Task prompt.
Please restate word for word the lines of the entries below from the one with "Homem com avental" to the one with "NWT J.Crew Merino", inclusive, and leave out every picture.

-------- Given records

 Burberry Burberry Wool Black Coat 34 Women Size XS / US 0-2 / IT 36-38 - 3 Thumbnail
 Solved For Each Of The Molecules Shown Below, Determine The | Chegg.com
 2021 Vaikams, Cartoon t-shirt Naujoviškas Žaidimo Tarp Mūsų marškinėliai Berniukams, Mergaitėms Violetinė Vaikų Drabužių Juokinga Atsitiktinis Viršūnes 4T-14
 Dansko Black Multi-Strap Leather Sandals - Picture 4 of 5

----------------
-------- Given records

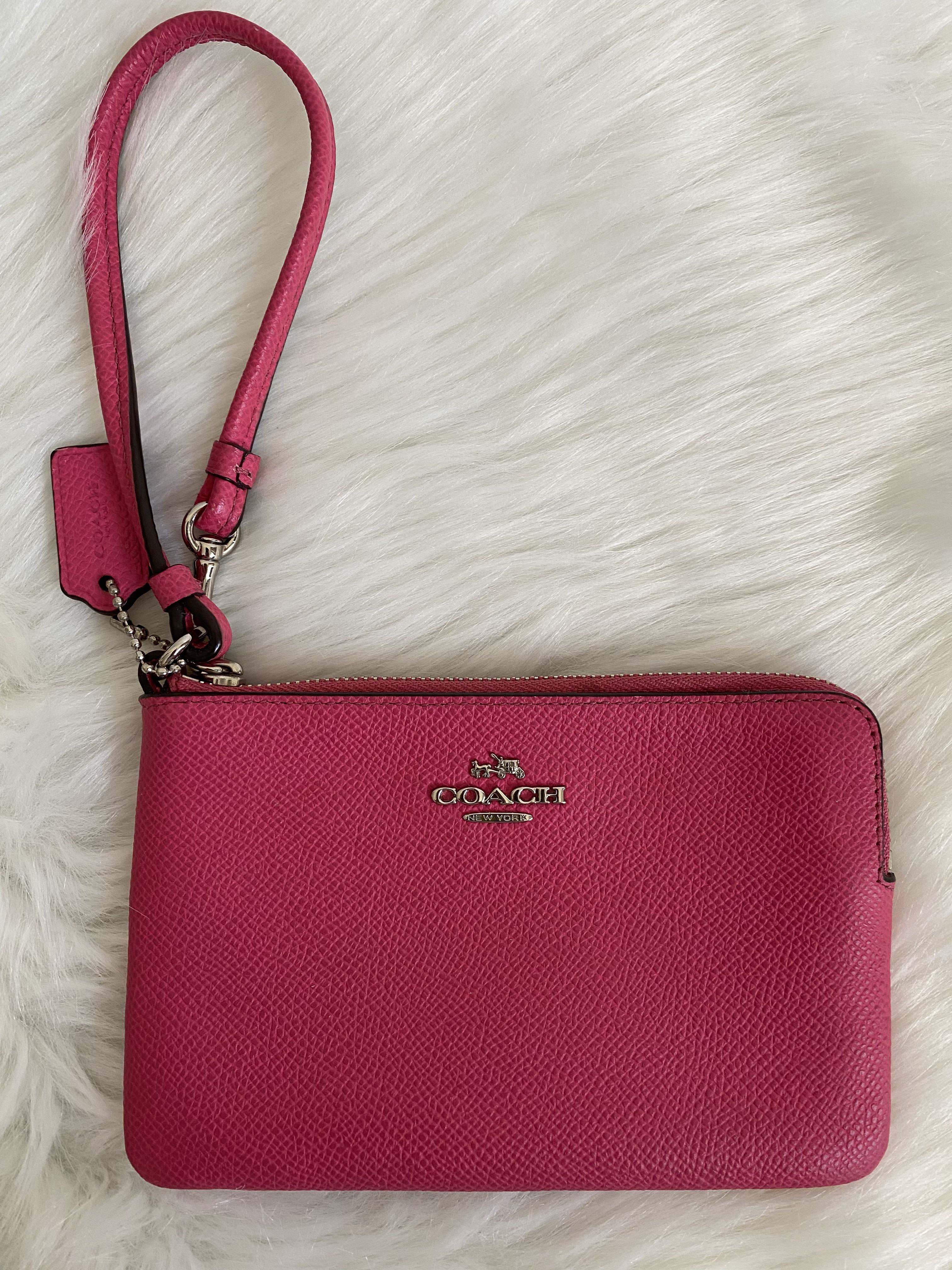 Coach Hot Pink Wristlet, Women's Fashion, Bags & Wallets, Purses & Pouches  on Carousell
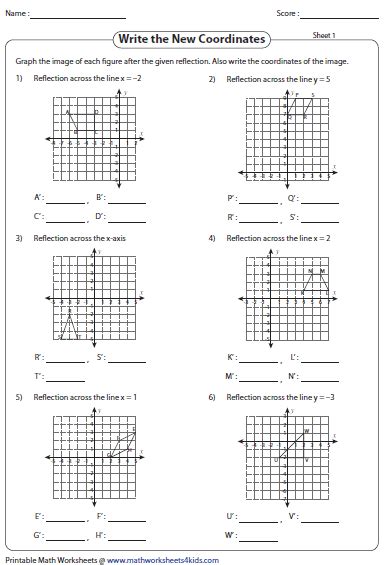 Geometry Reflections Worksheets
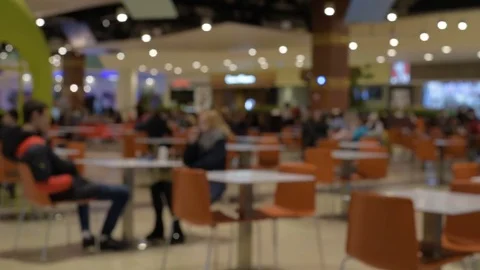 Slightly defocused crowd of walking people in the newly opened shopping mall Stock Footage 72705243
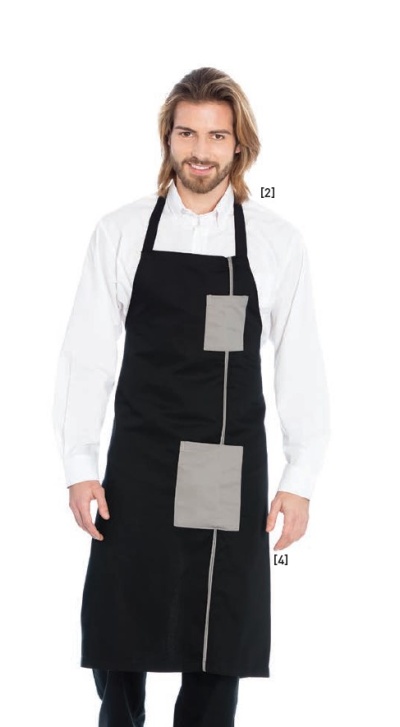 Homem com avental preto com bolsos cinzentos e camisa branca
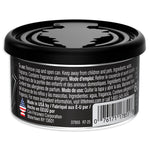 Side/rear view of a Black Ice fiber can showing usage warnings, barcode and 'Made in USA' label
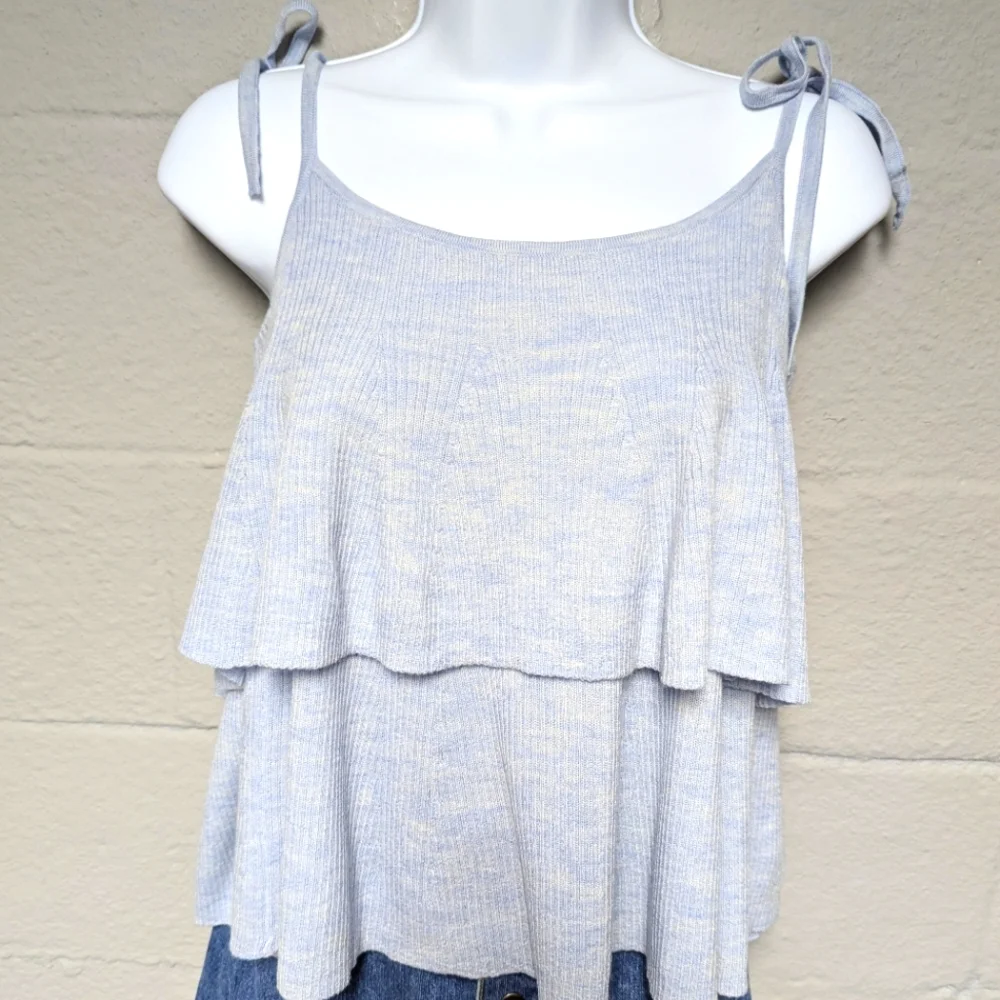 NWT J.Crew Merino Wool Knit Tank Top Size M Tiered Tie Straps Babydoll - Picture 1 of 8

----------------
-------- Given records

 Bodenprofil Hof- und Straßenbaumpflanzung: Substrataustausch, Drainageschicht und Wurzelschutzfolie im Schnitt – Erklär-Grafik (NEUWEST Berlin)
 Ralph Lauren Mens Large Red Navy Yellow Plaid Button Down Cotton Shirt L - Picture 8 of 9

----------------

Worked solution.
 Homem com avental preto com bolsos cinzentos e camisa branca
 Side/rear view of a Black Ice fiber can showing usage warnings, barcode and 'Made in USA' label
 NWT J.Crew Merino Wool Knit Tank Top Size M Tiered Tie Straps Babydoll - Picture 1 of 8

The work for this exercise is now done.